> **TASK**:
Verbatim copy, pictures excluded: every line from the one with "8675 Falmouth Way, Sacramento, CA 95823" through the final line of the data below, and no other line.

> **RECORDS TO USE**:
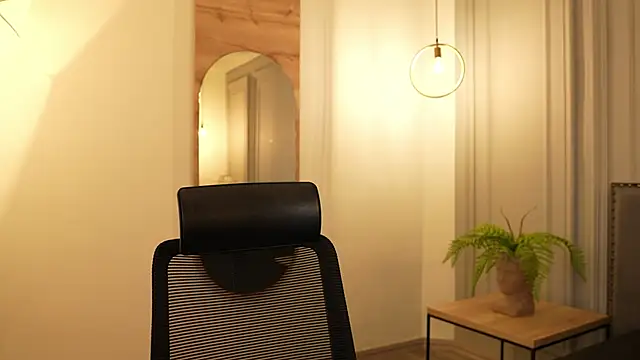 IrisBaker online show from October 27, 9:09 pm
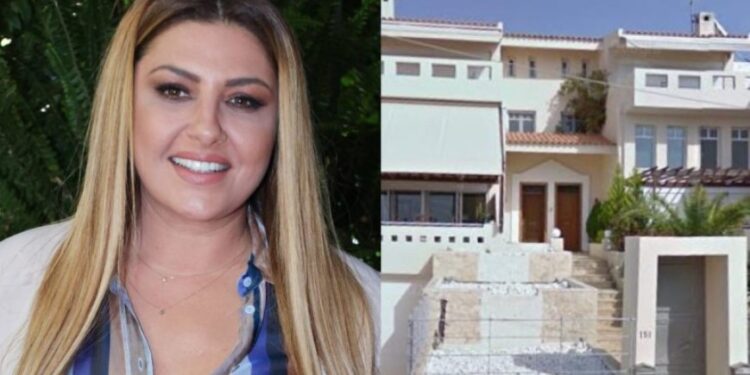 Alldaynews.gr Εσωτερικό ασανσέρ, πανοραμική θέα και μεγάλος κήπος: Αυτή ήταν η βίλα 280 τ.μ. της Έλενας Παπαρίζου στη Γλυφάδα-Δείτε Φωτογραφίες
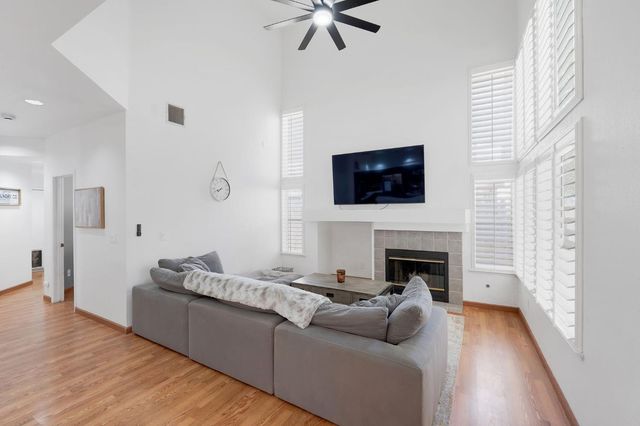 8675 Falmouth Way, Sacramento, CA 95823
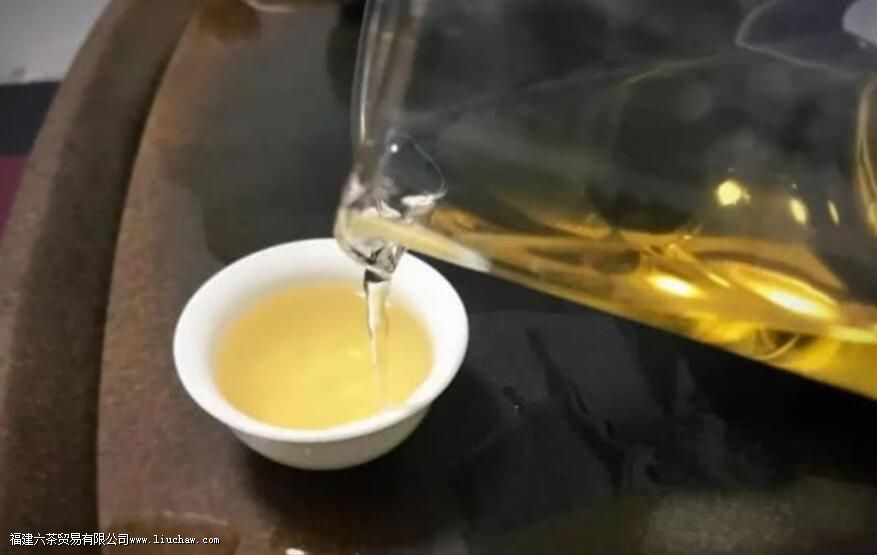 ��ü���ݺ�Ĳ�����ɫ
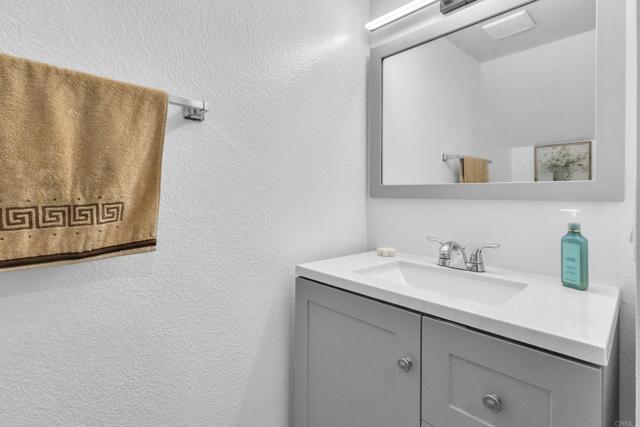 Detail Gallery Image 11 of 38 For 1539 Gustavo St #B,  El Cajon,  CA 92019 - 2 Beds | 1/1 Baths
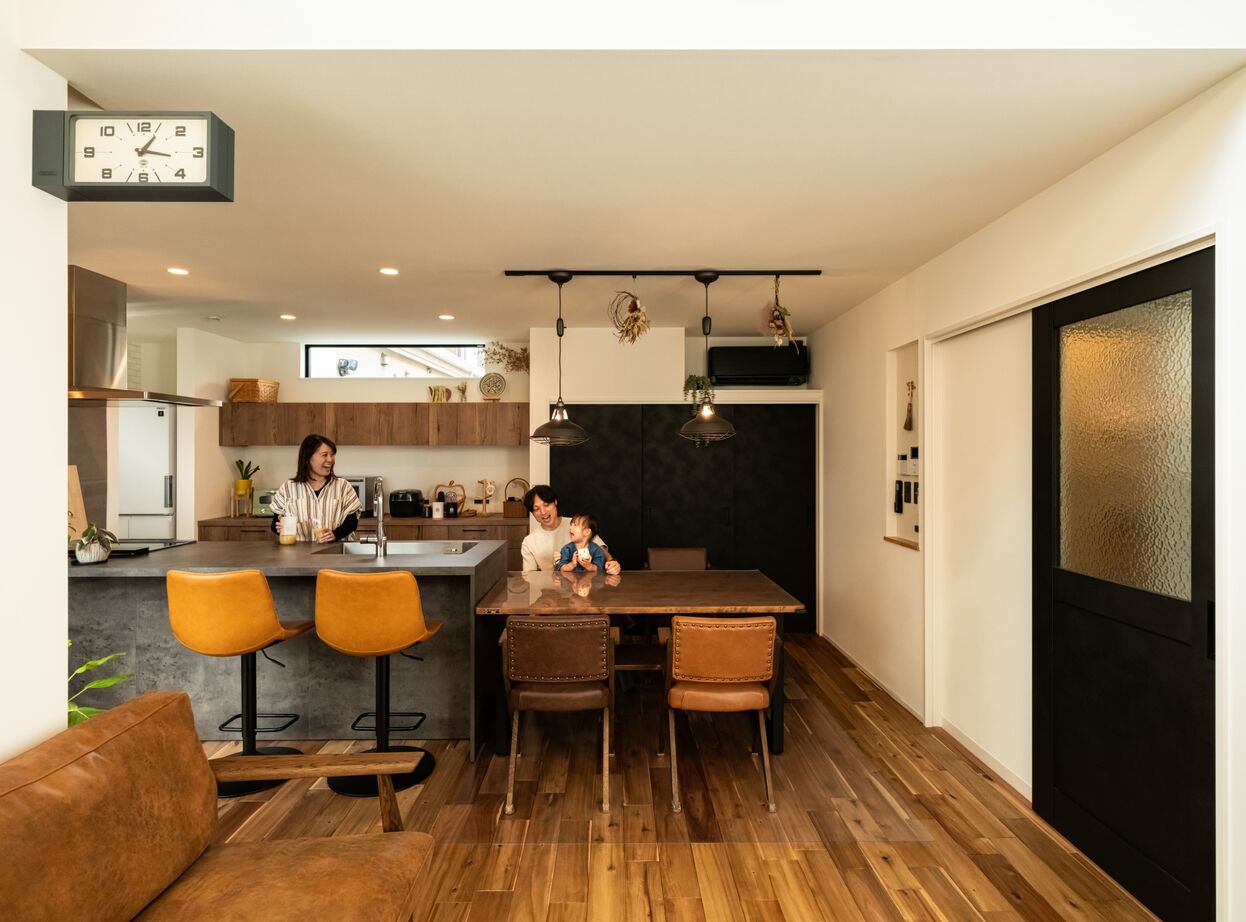 ハウスイズム建築設計事務所 【3000万円台/30.9坪/間取り有】カウンターに腰かけてお酒が楽しめる、バーのようなキッチンがある家の建築実例画像2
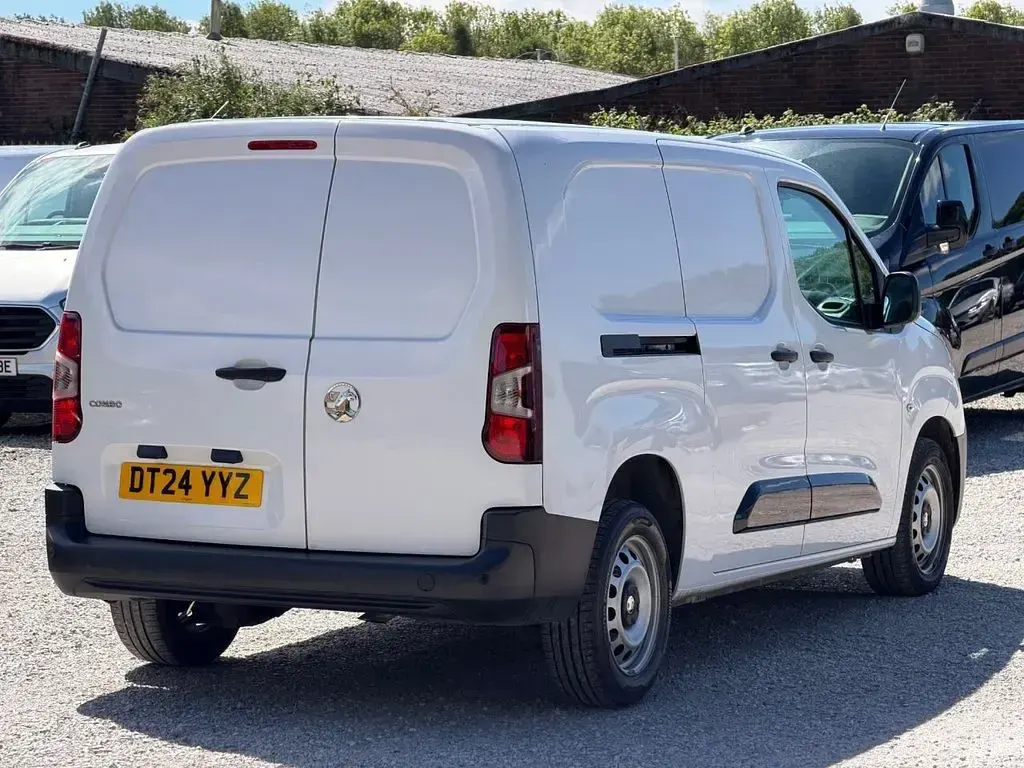 Used Vauxhall Combo S 2024 White MPV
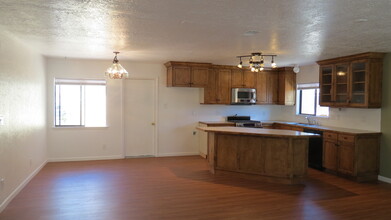 2538 Camino Espuela in Santa Fe, NM - Building Photo - Building Photo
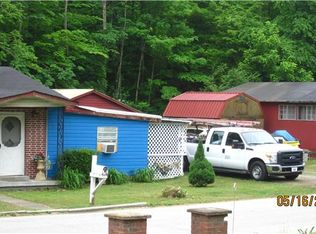 302 McClure St, Red Boiling Springs, TN 37150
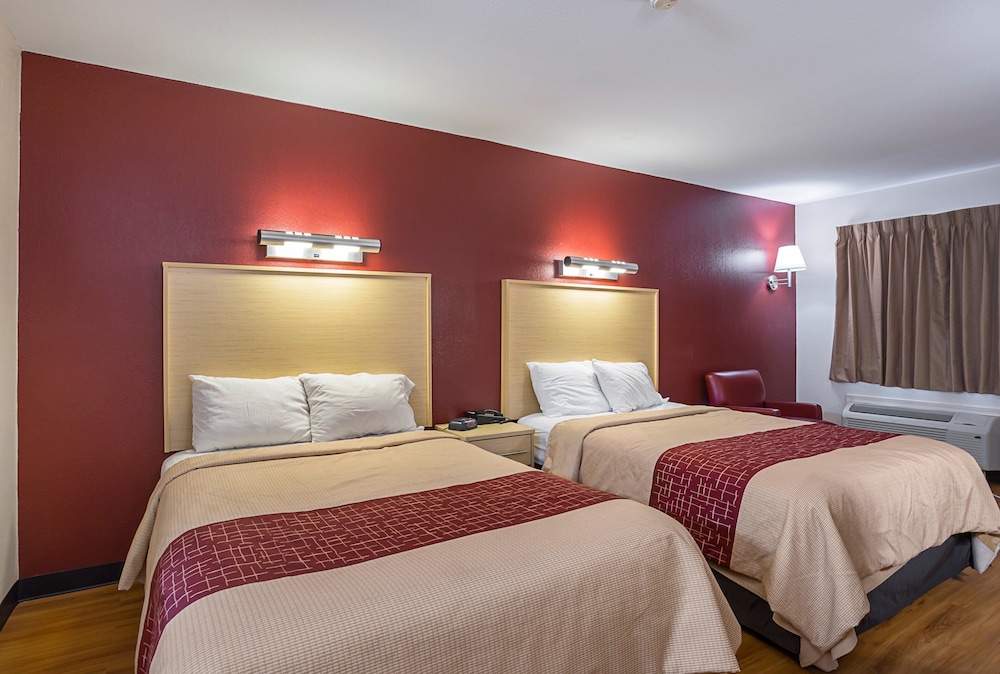 Standard Room, 2 Double Beds, Smoking - Photo 3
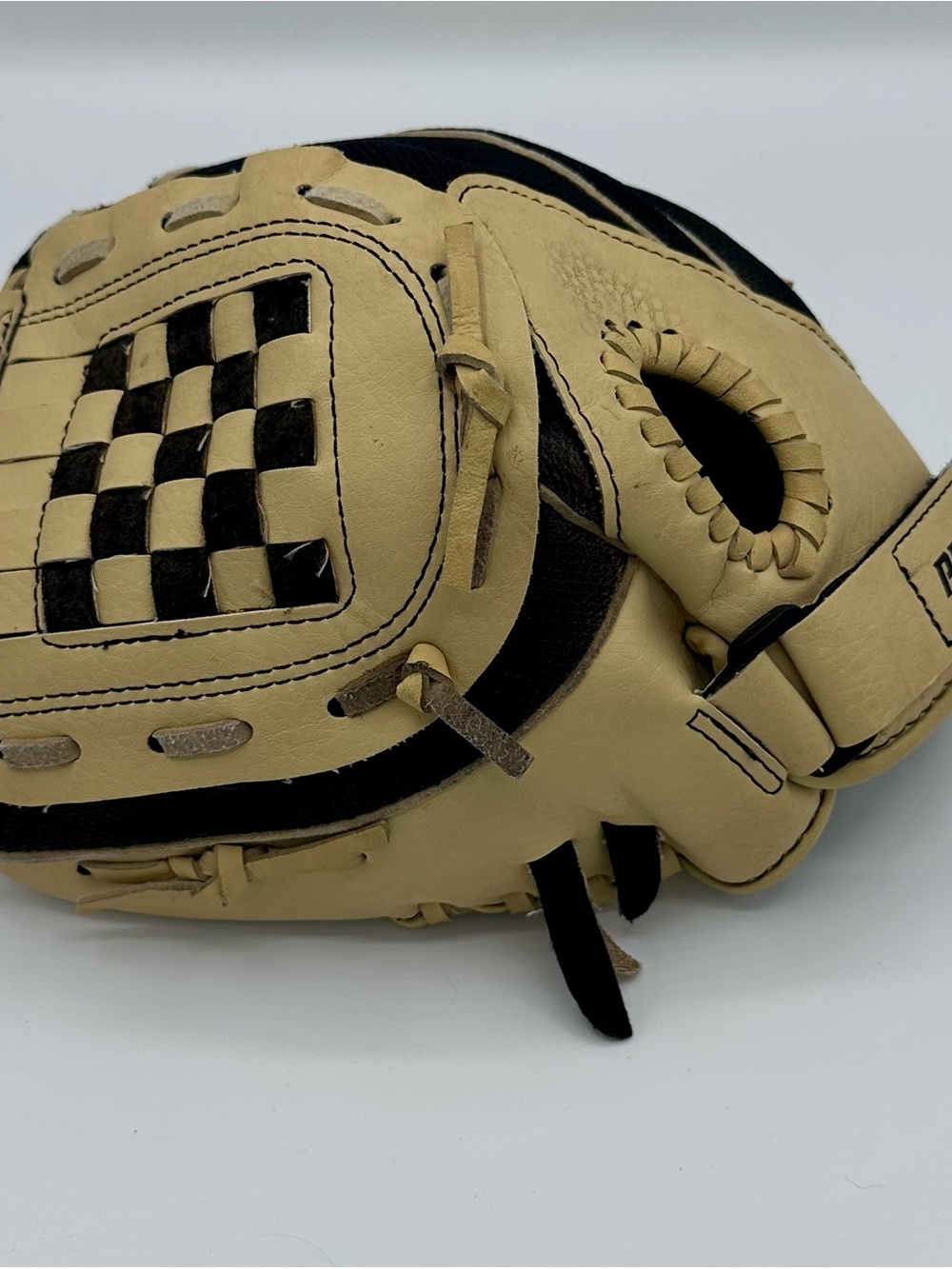 Primed Tan and Black Leather 10.0” Baseball Glove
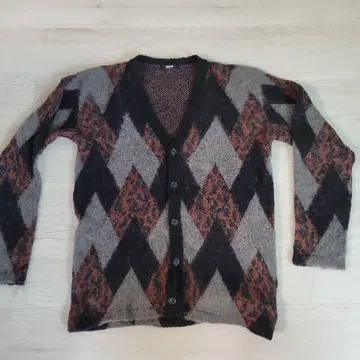 글램 아가일 니트 커트 코베인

> **TASK SOLUTION**:
 8675 Falmouth Way, Sacramento, CA 95823
 ��ü���ݺ�Ĳ�����ɫ
 Detail Gallery Image 11 of 38 For 1539 Gustavo St #B,  El Cajon,  CA 92019 - 2 Beds | 1/1 Baths
 ハウスイズム建築設計事務所 【3000万円台/30.9坪/間取り有】カウンターに腰かけてお酒が楽しめる、バーのようなキッチンがある家の建築実例画像2
 Used Vauxhall Combo S 2024 White MPV
 2538 Camino Espuela in Santa Fe, NM - Building Photo - Building Photo
 302 McClure St, Red Boiling Springs, TN 37150
 Standard Room, 2 Double Beds, Smoking - Photo 3
 Primed Tan and Black Leather 10.0” Baseball Glove
 글램 아가일 니트 커트 코베인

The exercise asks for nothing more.